• [TASK DETAILS]:
Your answer must consist of the lines running from the one that holds "Ping Moxie RH" to the end of the data, copied exactly.

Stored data
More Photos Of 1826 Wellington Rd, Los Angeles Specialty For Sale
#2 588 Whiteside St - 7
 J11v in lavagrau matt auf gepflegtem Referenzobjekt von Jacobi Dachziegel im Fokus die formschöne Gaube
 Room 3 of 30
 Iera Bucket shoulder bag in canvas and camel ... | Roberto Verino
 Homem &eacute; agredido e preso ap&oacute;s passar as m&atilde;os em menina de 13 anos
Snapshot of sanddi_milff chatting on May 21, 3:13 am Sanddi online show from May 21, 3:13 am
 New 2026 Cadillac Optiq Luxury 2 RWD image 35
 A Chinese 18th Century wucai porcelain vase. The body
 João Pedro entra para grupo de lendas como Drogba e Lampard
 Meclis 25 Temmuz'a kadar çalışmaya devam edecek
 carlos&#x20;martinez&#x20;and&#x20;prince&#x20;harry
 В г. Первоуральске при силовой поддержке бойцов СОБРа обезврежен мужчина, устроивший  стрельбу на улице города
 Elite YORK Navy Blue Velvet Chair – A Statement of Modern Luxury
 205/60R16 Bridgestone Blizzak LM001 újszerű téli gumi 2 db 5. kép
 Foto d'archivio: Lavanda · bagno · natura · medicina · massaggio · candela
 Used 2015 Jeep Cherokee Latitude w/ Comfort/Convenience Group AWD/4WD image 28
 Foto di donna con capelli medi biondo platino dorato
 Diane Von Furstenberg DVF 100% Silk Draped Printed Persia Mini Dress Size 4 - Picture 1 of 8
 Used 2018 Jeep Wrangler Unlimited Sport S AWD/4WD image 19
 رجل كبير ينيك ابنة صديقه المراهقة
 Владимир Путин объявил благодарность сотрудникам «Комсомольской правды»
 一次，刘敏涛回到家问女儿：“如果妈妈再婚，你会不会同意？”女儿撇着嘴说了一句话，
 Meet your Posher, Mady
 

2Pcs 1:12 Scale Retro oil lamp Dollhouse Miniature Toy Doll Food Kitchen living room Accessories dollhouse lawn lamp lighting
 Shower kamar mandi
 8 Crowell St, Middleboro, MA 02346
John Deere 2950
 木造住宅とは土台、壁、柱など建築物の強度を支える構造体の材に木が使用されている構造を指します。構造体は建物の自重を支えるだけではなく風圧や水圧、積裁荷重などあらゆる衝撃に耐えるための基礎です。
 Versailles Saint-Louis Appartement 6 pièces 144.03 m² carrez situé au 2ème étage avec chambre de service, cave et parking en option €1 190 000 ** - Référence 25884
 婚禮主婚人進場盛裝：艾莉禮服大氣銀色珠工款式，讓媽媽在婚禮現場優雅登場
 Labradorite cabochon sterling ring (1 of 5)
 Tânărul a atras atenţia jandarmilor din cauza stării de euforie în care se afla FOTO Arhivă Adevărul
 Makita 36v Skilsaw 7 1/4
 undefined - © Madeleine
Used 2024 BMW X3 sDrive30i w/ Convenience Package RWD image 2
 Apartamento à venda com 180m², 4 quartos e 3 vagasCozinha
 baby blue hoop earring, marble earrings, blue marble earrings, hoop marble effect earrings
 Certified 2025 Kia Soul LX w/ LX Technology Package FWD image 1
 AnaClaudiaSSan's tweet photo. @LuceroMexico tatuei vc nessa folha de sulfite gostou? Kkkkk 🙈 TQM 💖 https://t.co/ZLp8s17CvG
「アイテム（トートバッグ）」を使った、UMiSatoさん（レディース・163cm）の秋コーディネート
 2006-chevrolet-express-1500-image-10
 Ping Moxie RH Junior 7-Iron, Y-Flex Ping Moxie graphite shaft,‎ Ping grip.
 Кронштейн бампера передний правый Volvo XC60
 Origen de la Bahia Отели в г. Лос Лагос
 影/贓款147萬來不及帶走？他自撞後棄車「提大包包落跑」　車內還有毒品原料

• [ANSWER BOX]:
 Ping Moxie RH Junior 7-Iron, Y-Flex Ping Moxie graphite shaft,‎ Ping grip.
 Кронштейн бампера передний правый Volvo XC60
 Origen de la Bahia Отели в г. Лос Лагос
 影/贓款147萬來不及帶走？他自撞後棄車「提大包包落跑」　車內還有毒品原料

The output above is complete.